序章:一冊の恋、二つの世界
カフェのテーブルに置いたスマホが震える。また友達からの「飲み会どう?」っていうLINEだ。
「ごめん、今日はバイトで……」
嘘だ。本当は、早く家に帰りたい。
私、桜井陽菜は、今年で大学三年生。ごく普通の文学部生で、ごく普通の友達がいて、ごく普通の毎日を過ごしている。
でも、一つだけ。
誰にも言えない秘密がある。
バッグの中で、いつものように『暁の騎士団』の文庫本が私を待っている。
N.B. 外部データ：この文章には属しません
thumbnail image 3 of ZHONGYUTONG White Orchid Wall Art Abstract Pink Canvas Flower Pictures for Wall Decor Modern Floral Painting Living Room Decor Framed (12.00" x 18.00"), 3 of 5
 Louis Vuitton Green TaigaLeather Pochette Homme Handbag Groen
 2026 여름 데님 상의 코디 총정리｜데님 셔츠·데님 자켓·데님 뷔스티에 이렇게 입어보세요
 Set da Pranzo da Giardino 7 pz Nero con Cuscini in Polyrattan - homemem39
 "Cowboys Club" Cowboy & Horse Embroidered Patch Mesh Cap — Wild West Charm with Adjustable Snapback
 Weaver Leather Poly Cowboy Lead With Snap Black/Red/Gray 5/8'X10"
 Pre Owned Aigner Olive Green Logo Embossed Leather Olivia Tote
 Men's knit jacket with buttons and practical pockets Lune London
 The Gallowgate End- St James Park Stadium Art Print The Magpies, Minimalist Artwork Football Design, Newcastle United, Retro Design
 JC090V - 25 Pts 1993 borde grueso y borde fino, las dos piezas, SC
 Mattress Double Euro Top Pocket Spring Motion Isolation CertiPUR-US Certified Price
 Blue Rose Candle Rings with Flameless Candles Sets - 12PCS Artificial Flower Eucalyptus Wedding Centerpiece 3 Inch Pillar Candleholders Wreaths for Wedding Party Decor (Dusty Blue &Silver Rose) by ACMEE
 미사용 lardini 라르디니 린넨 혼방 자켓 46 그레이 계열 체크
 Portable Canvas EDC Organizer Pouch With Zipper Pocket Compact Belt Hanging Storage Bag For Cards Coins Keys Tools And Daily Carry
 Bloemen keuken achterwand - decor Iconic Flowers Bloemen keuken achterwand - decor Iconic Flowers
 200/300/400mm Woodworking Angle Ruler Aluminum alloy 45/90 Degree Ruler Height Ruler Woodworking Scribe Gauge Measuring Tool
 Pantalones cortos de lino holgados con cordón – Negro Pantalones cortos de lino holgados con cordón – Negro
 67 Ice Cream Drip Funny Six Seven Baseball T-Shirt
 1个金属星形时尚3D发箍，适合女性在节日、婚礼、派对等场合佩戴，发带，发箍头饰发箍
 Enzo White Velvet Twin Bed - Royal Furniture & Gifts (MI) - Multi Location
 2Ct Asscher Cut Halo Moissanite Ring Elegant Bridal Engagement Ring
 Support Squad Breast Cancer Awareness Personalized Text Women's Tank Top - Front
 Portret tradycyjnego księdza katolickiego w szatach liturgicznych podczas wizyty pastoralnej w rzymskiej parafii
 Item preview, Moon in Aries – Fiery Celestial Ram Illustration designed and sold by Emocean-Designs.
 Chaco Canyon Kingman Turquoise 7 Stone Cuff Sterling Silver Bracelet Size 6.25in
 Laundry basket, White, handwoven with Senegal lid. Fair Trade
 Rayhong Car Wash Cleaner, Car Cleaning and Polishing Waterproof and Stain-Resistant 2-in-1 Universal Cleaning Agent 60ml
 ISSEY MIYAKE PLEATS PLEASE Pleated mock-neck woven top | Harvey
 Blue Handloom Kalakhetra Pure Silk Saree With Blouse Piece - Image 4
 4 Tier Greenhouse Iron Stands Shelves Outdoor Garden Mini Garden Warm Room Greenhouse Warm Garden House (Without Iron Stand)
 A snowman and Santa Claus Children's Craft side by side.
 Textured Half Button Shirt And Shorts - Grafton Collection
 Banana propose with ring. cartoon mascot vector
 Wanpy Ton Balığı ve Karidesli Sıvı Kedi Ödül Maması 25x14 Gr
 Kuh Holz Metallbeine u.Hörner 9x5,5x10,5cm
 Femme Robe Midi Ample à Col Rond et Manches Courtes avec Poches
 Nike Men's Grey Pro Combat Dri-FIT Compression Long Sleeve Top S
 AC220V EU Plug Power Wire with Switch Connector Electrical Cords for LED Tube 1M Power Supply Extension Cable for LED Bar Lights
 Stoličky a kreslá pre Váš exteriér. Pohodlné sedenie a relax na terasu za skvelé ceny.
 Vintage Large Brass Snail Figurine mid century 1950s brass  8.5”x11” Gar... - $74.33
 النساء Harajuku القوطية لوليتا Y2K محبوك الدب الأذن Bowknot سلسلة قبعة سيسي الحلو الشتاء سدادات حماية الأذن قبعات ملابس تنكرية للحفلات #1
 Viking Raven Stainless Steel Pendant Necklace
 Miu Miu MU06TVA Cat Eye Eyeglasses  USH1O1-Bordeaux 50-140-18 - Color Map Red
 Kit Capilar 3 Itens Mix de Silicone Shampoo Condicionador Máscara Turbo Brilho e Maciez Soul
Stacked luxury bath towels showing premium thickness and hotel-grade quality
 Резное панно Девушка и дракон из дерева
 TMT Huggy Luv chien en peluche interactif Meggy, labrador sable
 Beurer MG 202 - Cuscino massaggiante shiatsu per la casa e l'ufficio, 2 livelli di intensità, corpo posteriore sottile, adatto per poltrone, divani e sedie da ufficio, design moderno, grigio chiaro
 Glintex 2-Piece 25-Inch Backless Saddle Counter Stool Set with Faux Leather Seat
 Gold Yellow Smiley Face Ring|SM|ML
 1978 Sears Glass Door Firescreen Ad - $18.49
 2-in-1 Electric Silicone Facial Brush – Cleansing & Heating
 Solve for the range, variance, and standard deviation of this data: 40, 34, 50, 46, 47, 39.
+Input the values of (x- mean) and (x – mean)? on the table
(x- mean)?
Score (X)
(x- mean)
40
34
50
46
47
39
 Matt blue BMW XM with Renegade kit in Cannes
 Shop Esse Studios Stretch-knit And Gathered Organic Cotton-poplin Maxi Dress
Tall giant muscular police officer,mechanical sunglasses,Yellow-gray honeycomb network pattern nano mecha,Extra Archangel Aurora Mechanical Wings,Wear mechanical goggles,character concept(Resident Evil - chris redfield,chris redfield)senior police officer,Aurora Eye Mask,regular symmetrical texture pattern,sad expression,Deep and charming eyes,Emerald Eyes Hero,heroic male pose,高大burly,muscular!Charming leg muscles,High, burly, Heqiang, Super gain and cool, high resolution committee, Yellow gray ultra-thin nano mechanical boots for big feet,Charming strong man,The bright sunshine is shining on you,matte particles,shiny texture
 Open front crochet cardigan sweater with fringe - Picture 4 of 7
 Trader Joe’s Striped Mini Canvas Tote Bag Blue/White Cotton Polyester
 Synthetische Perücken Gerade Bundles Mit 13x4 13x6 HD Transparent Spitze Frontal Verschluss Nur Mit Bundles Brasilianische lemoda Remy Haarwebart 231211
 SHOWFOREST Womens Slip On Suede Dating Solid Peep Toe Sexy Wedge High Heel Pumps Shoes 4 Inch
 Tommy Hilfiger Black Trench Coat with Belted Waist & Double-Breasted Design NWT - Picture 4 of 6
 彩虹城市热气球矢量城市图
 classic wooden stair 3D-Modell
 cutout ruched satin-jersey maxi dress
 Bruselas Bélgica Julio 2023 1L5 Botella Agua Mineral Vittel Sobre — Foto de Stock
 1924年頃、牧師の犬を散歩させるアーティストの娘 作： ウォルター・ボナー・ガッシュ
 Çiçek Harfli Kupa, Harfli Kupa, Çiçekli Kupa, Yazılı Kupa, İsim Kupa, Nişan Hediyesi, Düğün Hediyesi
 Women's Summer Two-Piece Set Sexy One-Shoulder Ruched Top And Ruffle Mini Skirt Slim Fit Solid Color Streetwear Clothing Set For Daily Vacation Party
表紙は何度も触ったせいで少しすり減って、栞代わりの付箋がたくさん挟まっている。
この本の世界に、私の初恋がいる。
リアム・フォン・アーデルハイド。
魔王討伐を目指す騎士団の副団長で、銀の髪と蒼い瞳を持つ、完璧な騎士。でも、物語の中盤で致命傷を負って、仲間を庇って死んでしまう。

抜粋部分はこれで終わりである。